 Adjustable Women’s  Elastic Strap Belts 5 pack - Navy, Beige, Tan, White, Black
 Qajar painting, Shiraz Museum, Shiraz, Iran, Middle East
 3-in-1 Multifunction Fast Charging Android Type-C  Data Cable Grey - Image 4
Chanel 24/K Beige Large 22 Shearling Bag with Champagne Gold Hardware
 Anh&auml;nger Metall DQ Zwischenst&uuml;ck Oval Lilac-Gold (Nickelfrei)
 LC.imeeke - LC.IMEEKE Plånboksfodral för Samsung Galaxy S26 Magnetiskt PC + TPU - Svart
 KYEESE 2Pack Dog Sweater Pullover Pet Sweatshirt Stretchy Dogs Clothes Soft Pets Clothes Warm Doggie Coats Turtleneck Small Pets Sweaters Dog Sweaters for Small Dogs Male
###
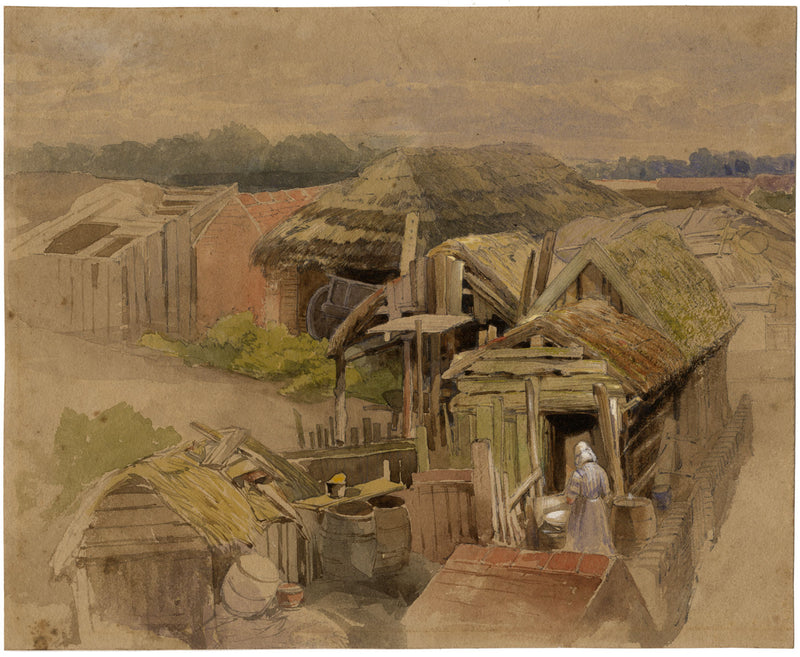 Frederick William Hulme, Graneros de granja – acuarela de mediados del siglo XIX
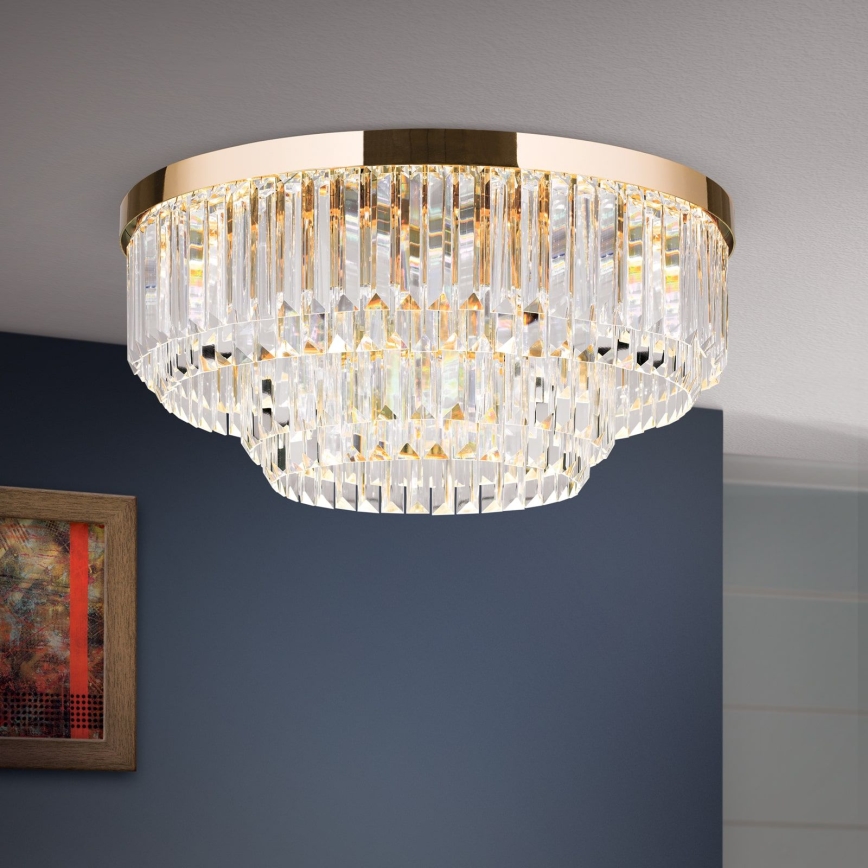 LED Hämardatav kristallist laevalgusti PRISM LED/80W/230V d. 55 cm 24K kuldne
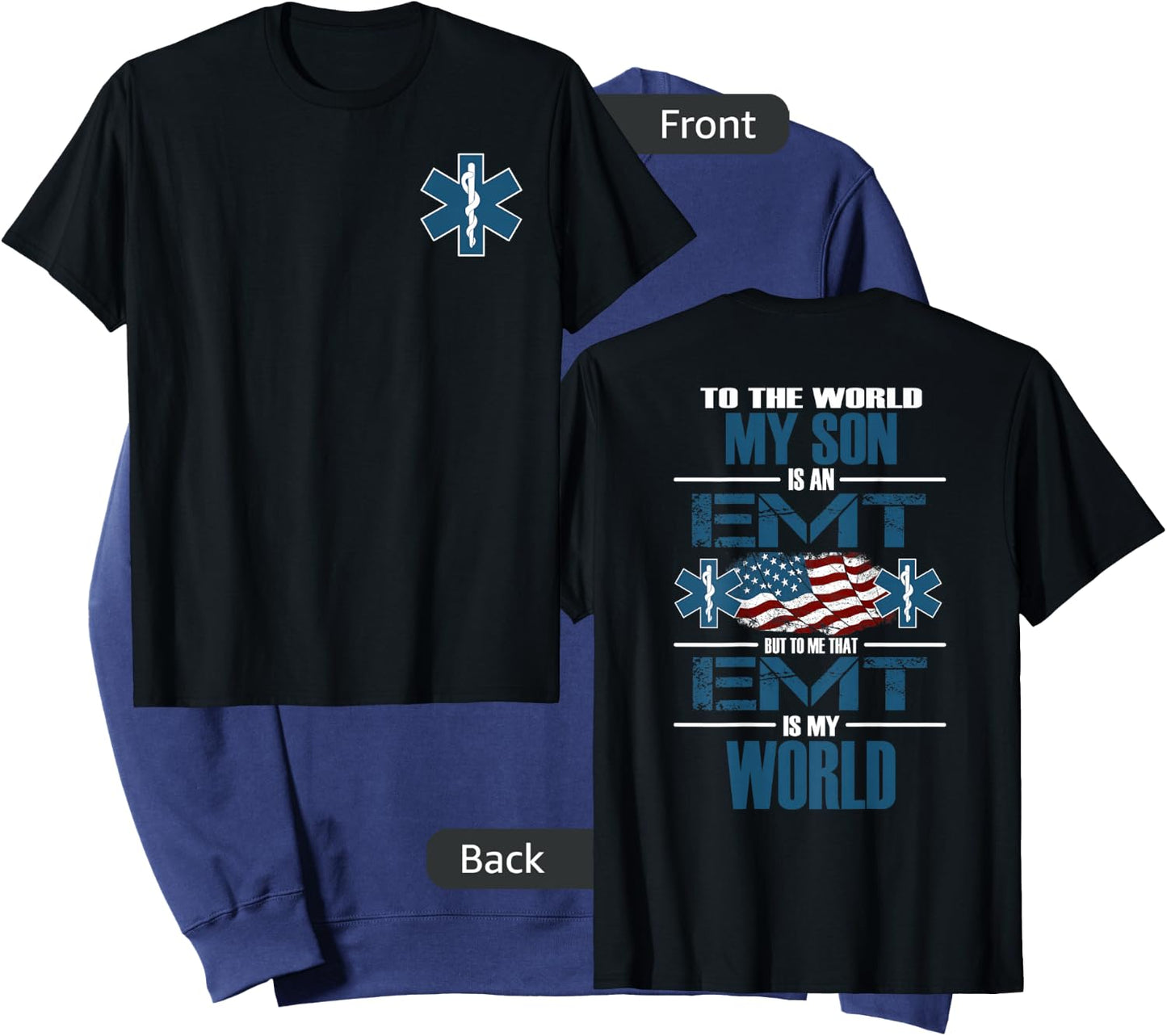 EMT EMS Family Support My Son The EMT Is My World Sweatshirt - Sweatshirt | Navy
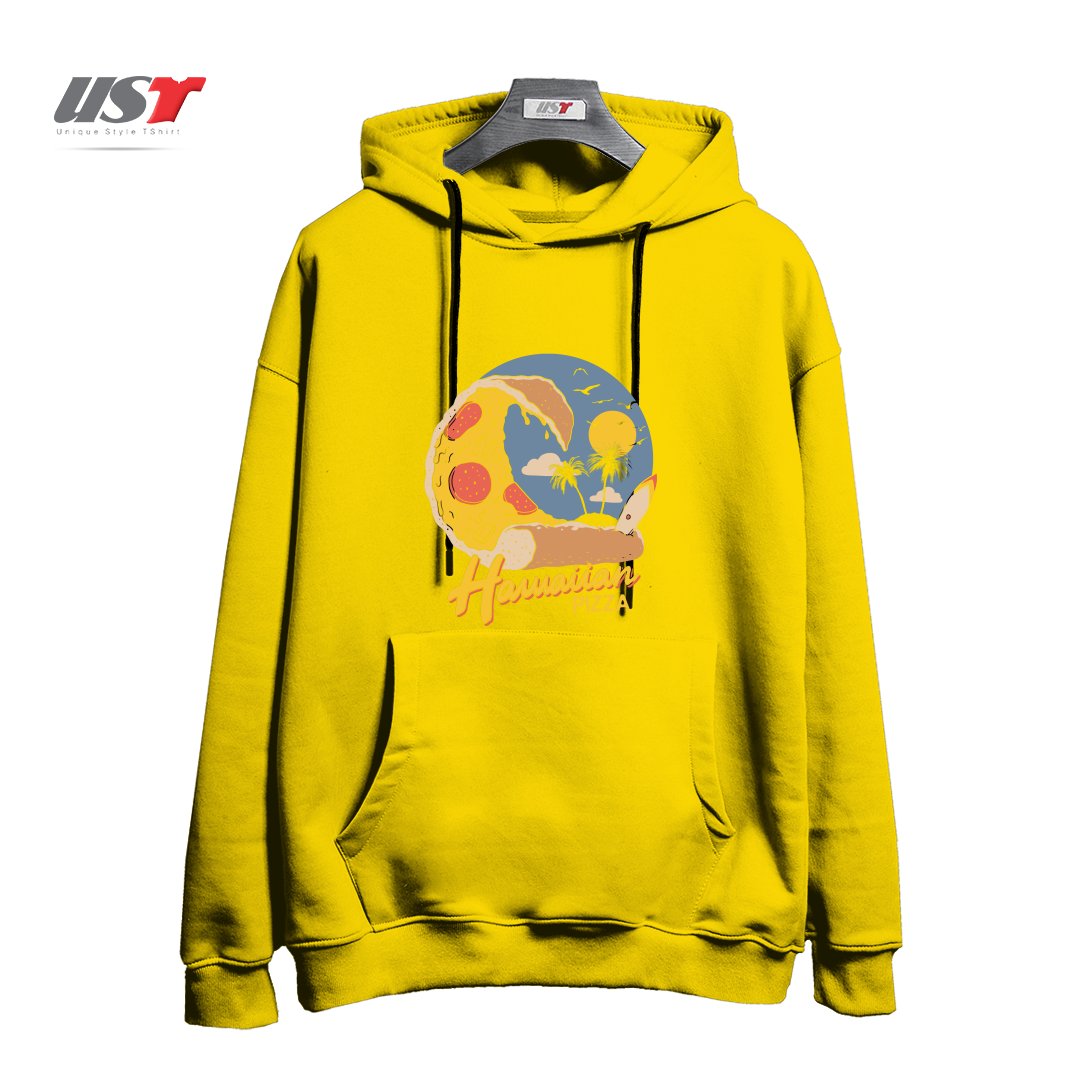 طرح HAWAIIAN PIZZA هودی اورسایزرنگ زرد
###
§ WHAT THE EXERCISE ASKS: Above are the records. Copy word for word only their lines from the one holding "Frederick William Hulme, Graneros" through the one holding "طرح HAWAIIAN PIZZA هودی اورسایزرنگ زرد", both included, and skip the images.

§ FINAL ANSWER:
 Frederick William Hulme, Graneros de granja – acuarela de mediados del siglo XIX
 LED Hämardatav kristallist laevalgusti PRISM LED/80W/230V d. 55 cm 24K kuldne
 EMT EMS Family Support My Son The EMT Is My World Sweatshirt - Sweatshirt | Navy
 طرح HAWAIIAN PIZZA هودی اورسایزرنگ زرد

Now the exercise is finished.